THE Committee on Appropriations of the House of Representatives met yesterday to begin deliberation on the proposed national budget for 2020.
The House is determined to avoid the debacle last year when Congress was able to approve the national budget for signing by President Duterte only last March, when it should have been approved in December, 2018, so the government could begin to use it at the start of the new year 2019.
The delay was caused by a dispute between the House and the Senate on P75 billion which some congressmen insisted on including in the budget, a huge amount the senators suspected to be “pork barrel” funds intended to benefit some congressmen. That delay was truly unfortunate, for it kept the government from initiating important economic and social programs, such as many public works projects and salary increases.
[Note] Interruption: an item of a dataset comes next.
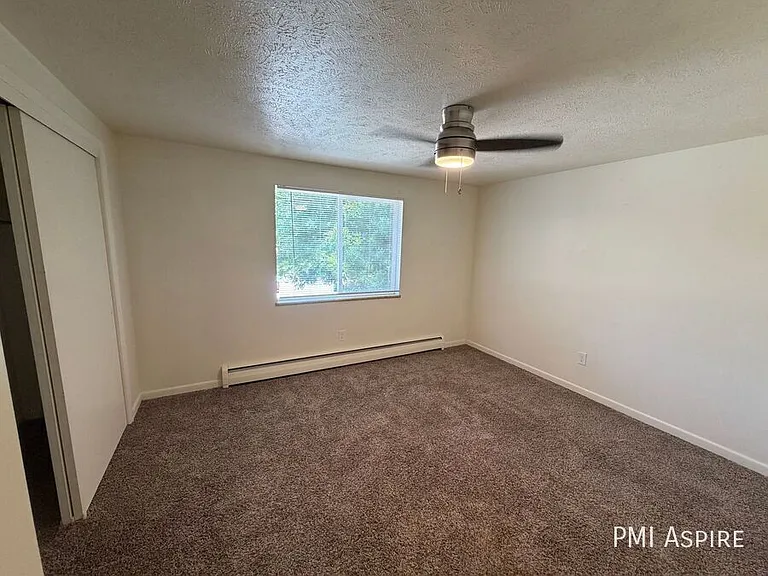1410 E 6th St #1446 — Photo 10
At the center of last year’s dispute in Congress was the practice of “parking” billions of public funds in various areas of the budget without any specific details on how and where they are to be used. There was P54 billion listed for “flood mitigation.” There was P75 billion placed in the budget for the Department of Public Works and Highways, but without any specific projects.
The P75 billion was specially suspect; it could be used later for any projects proposed by some congressmen. Such discretionary funds had been declared illegal by the Supreme Court in 2014.
This year, acting Budget Secretary Wendel Avisado assured, there are no parked funds in the proposed budget he submitted to the House last Tuesday. “Every centavo has an identified purpose,” he said.
With the public attention focused on the budget this year, we are confident that we will not have last year’s problem of parked funds. We expect the coming budget deliberations to be open and businesslike, as congressmen, and later the senators, examine the proposed budget.
It will be a record P4.1-trillion 2020 national budget, 12 percent higher than the P3.662-trillion 2019 budget. It includes P1.25 trillion for education and other social services, P1.18 trillion for economic services, P734.5 billion for general public services, P451 billion for debt burden, and P195.6 billion for defense.
We have today a great start on the budget in Congress. We have, it is hoped, learned our lesson from last year’s experience when we tolerated the antics of certain congressmen seeking to benefit from budget funds. We have a new Congress and we should have no problem of the kind we had last year.